La vraie priorité, à savoir rendre confiance aux femmes et leur donner les outils pour se réaliser dans la société, va certes bien au-delà des noms de rues. Corriger les comportements paternalistes, corriger les freins à l’entrepreneuriat féminin vous paraissent certainement des chantiers prioritaires. Mais tout est lié. Notre société doit constamment et dans toutes ses actions agir dans la parité homme/femme. Lorsque l’on organise des soirées sur les métiers dans les écoles, lorsque l’on propose des aménagements sportifs, lorsque l’on crée de nouveaux quartiers, lorsque l’on attribue des budgets à des associations, lors de la programmation théâtrale ou sportive, lors de la création d’une crèche, ou d’un club service etc.. Jusqu’au jour où le réflexe sera bien installé. Ecolo Ciney  propose donc de commencer par la féminisation de l’espace public cinacien en adoptant cette motion et :

  • de profiter de l’aménagement de nouvelles rues (notamment dans les ZACC) pour les attribuer à des noms de femmes,
  • d’établir sur un mode participatif citoyen une liste de noms de femmes
  • d’attribuer des noms de femmes à des lieux non encore nommés (bâtiments, lieux sportifs ou culturels, place, salles, etc.).
  • et de concrétiser rapidement la motion en débutant avec des endroits situés au centre ou dans les villages comme par exemple la piste d’athlétisme; la salle du village place du Baty, etc. tout comme la commune a donné en 2016 le nom de Martin Gray au pont situé au-dessus du Chemin de fer, ou comme l’école de la Providence a dédié deux de ses sept espaces à Marie Curie et Cécile Ansotte.

Ecolo Ciney ne propose pas de supprimer des noms d’hommes ou de remplacer des noms d’hommes par celui de femmes, ni de diminuer l’importance de ces hommes dans notre histoire. Il s’agit bien ici d’égalité. Dans un mois exactement, c’est la journée internationale de lutte pour les droits des femmes. Voter cette motion nous semble une bonne manière de préparer cette journée.
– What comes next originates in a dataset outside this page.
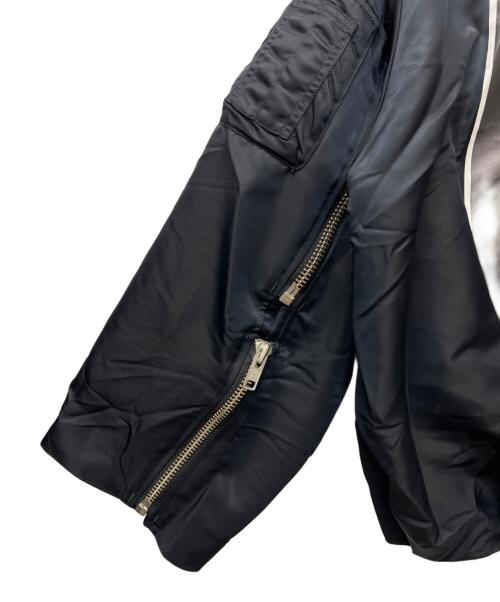 KIDILL（キディル）KIDILL (キディル) ITプリントフライトジャケット ブラック サイズ:４４の古着・服飾アイテム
Retrouvez ici le texte intégral de la motion.

Portée Par Valérie Van Heer au conseil communal du Lundi 08 Février, cette proposition a été estimée non prioritaire par la majorité ! « Cette proposition est une manière d’aller de l’avant, de rendre visible la place et le rôle des femmes dans notre espace public, de manière progressive et participative, pas de manière coercitive », explique-t-elle. « Il s’agit de rappeler que la vie locale ne se structure pas exclusivement sur un seul genre, le masculin, qui l’emporte systématiquement contribuant ainsi à rendre plus difficile l’affirmation des femmes et des jeunes filles ». « La place des femmes, et des noms de femmes pour les rues, ça coule de source ! Nous y penserons, mais ce n’est pas prioritaire. » répond en substance le Collège, qui rejette la motion, tout comme le groupe MR. « Par la voix du bourgmestre, commente François Bouchat, chef de file des Verts, le Collège s’est engagé à être attentif à privilégier l’octroi de noms de femmes aux futures rues et aux futurs espaces publics. Mais que valent ces paroles pour l’avenir lointain, alors qu’un engagement formel au conseil communal aurait permis de l’acter ? Il est regrettable que lorsqu’une proposition, précise, documentée, peu contraignante et à si forte portée symbolique est amenée par Ecolo, elle soit rejetée. » Cette invisibilité de fait des femmes dans les rues de Ciney permet d’ailleurs au bourgmestre de dire qu’il n’y peut rien s’il n’y a pas de femme illustre dans le passé cinacien… Mais, nous l’affirmons !, ces femmes existent : elles sont juste systématiquement invisibilisées ! Nous comptons par exemple plusieurs femmes reconnues « Justes parmi les Nations », pour avoir caché des enfants juifs pendant la guerre. Pour Ecolo, l’égalité et la lutte contre les discriminations reste une priorité. C’est pourquoi nous fixons d’ores et déjà rendez-vous en mars à tous les Cinaciens, hommes et femmes, pour une découverte des lieux à Ciney qui témoignent de la « place », parfois tragique, des femmes dans notre cité. Les infos pratiques suivront, tout bientôt !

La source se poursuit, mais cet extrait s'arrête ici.